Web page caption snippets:
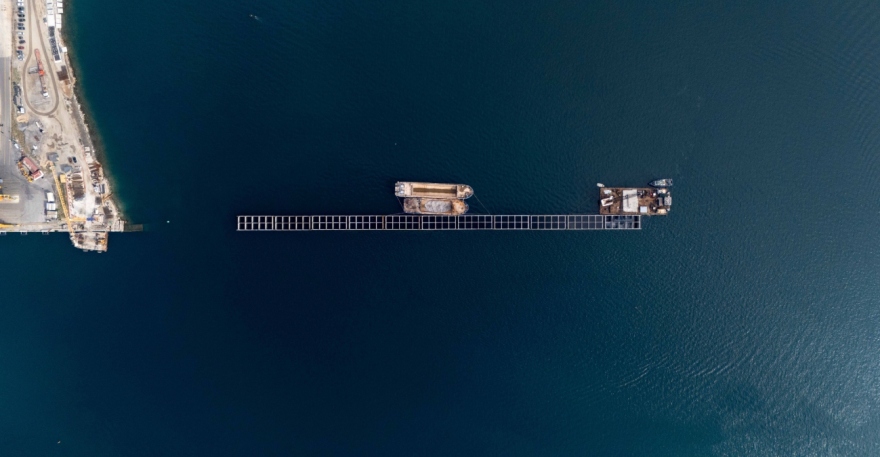 Συνεχίζονται τα έργα για την επέκταση της 6ης προβλήτας στο λιμάνι της Θεσσαλονίκης εκεί όπου βρέθηκαν τα πυρομαχικά
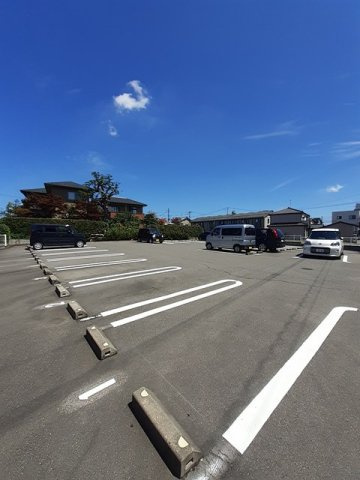 グレイス　フルⅠの駐車場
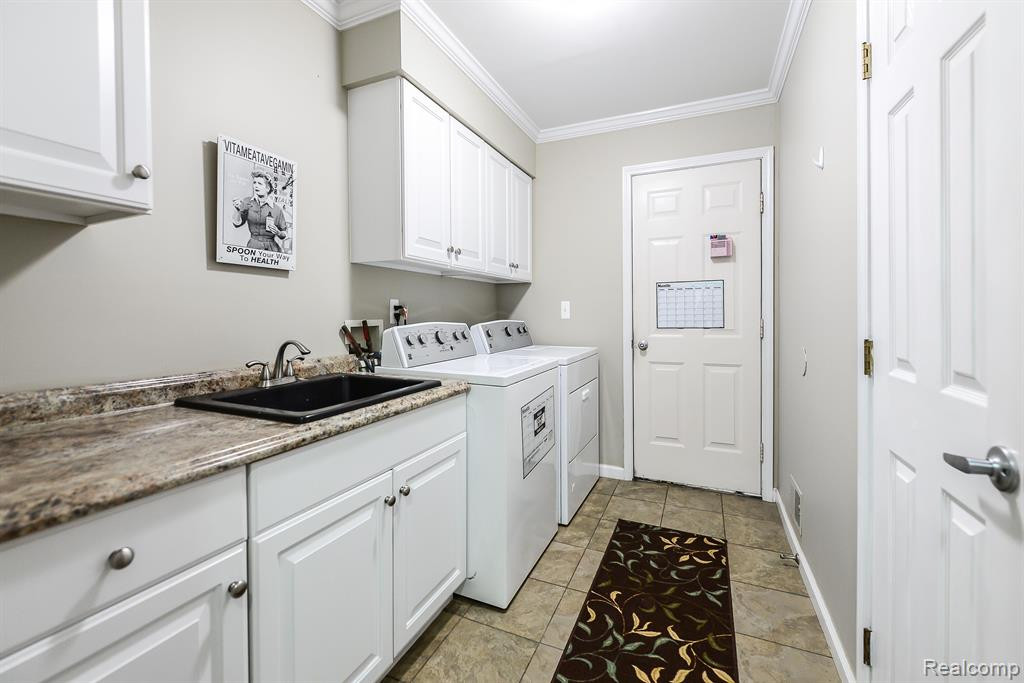 3947 Fox Glen Drive, Ann Arbor, MI 48108 — Photo 14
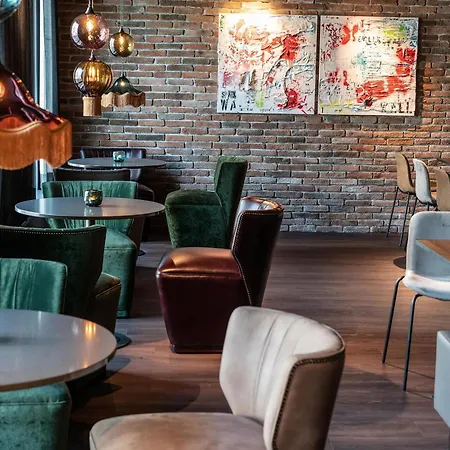 柏林米特1号汽车酒店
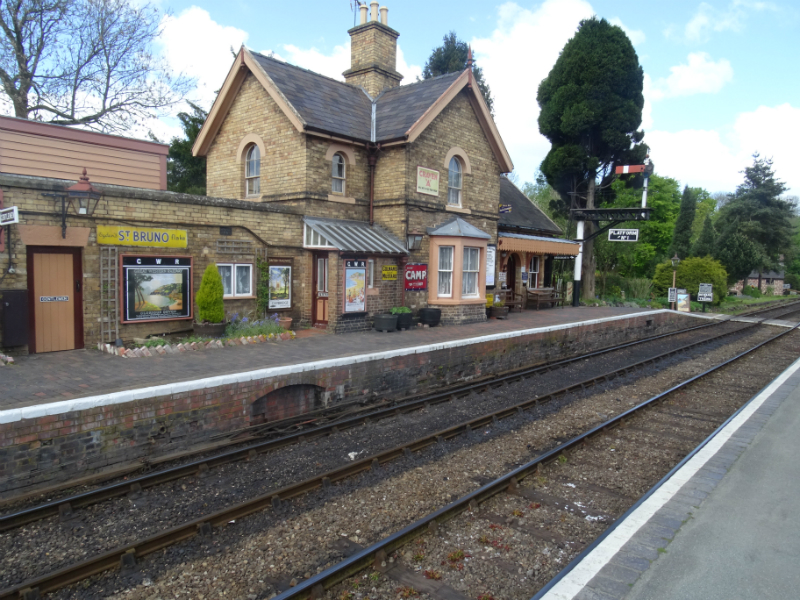 Hampton Loade station, where Charles is discovered unconscious in a train wagon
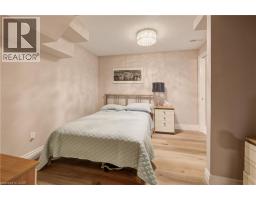 41 MCNIVEN Road - 37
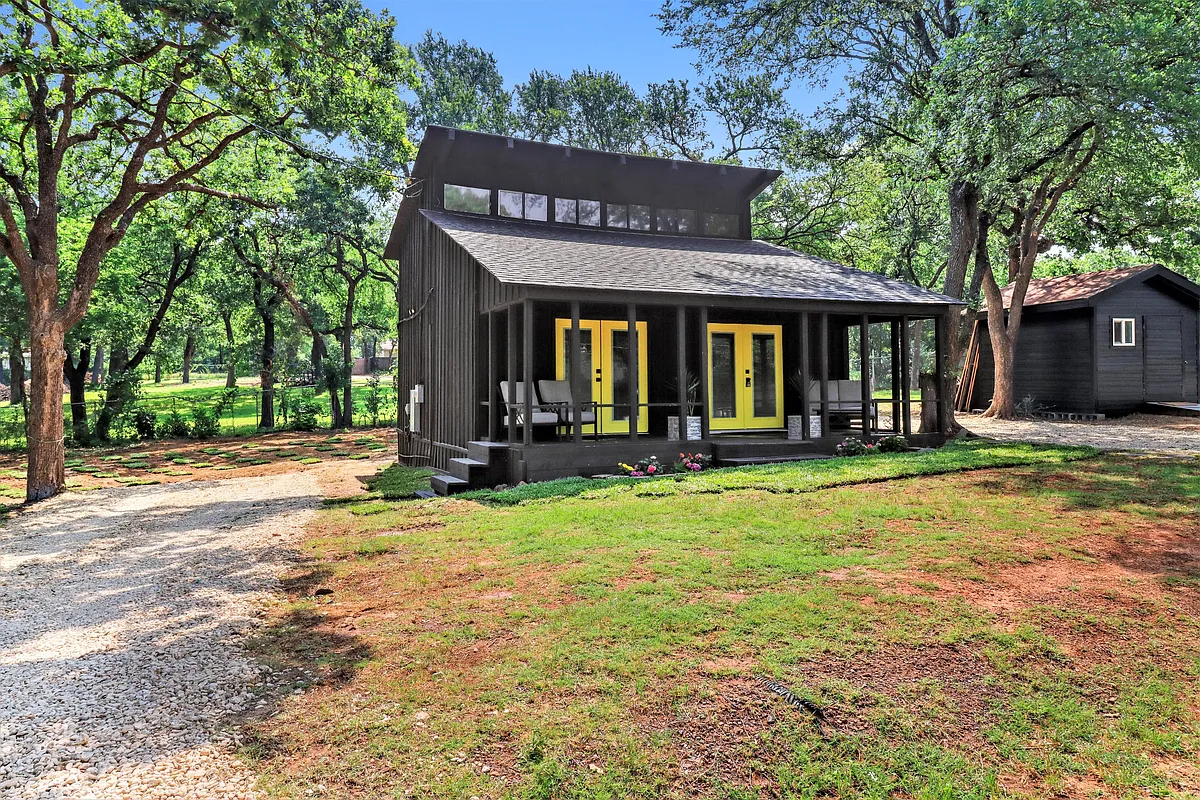 Building Photo - 1208 Dorothy Ln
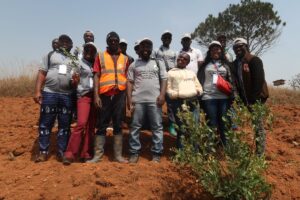 Le Champ École de Demyom au cœur de la finance carbone : ACODEB accueille une délégation internationale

- EXERCISE BRIEF
Copy every record exactly as written, leaving out the pictures.

- THE ANSWER
 Συνεχίζονται τα έργα για την επέκταση της 6ης προβλήτας στο λιμάνι της Θεσσαλονίκης εκεί όπου βρέθηκαν τα πυρομαχικά
 グレイス　フルⅠの駐車場
 3947 Fox Glen Drive, Ann Arbor, MI 48108 — Photo 14
 柏林米特1号汽车酒店
 Hampton Loade station, where Charles is discovered unconscious in a train wagon
 41 MCNIVEN Road - 37
 Building Photo - 1208 Dorothy Ln
 Le Champ École de Demyom au cœur de la finance carbone : ACODEB accueille une délégation internationale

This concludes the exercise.